Esterno Notte
Non avevo mai visto una serie al cinema. Perché è questo che è Esterno Notte, non un film a episodi, ma una serie. Le prime tre puntate sono uscite il 18 maggio al cinema e, presentate, in anteprima al Festival di Cannes.
Dopo Buongiorno, Notte il regista piacentino Marco Bellocchio torna sul sequestro del caso Aldo Moro, avvenuto per mano delle Brigate Rosse il 16 marzo 1978, quando un commando di brigatisti uccide la scorta e sequestra il Presidente della Democrazia Cristiana.

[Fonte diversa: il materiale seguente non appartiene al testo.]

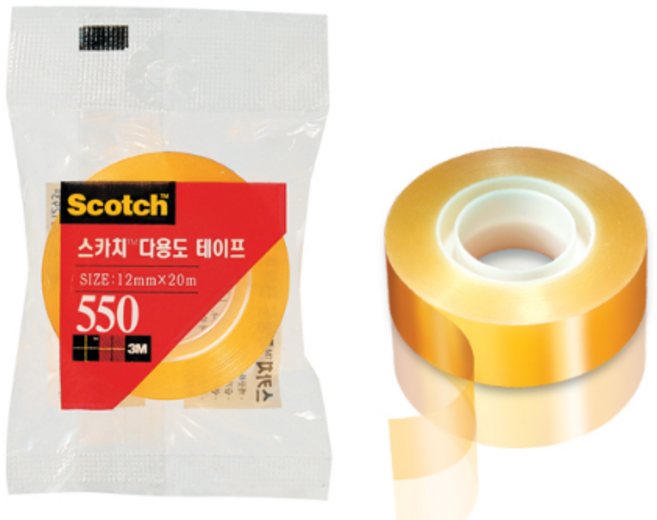 3M 스카치 다용도테이프리필 550, 12개, (12mmx20M)N3424700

Quella di Bellocchio è sicuramente un’operazione molto difficile, complessa e, come ha scritto qualcuno, anche monumentale, ma che, in alcuni momenti, almeno per ora, cade nella solita superficialità di rappresentazione di alcune categorie; ma lo vediamo più avanti.
Il mezzo seriale è forse quello più utile per sviscerare una vicenda complicata e complessa come quella del caso Moro: in questa maniera è possibile ridurre in “piccole” parti le varie cornici entro cui è inserita la storia. Così ci possiamo trovare dentro il sequestro attraverso gli occhi, la testa e le parole di Moro (interpretato da un Fabrizio Gifuni perfettamente somigliante al Presidente), oppure guardare la stessa vicenda dalla parte di Francesco Cossiga, Ministro dell’Interno, amico e discepolo. O ancora, dall’alto di Sua Santità Paolo VI, il Papa degli anni di piombo.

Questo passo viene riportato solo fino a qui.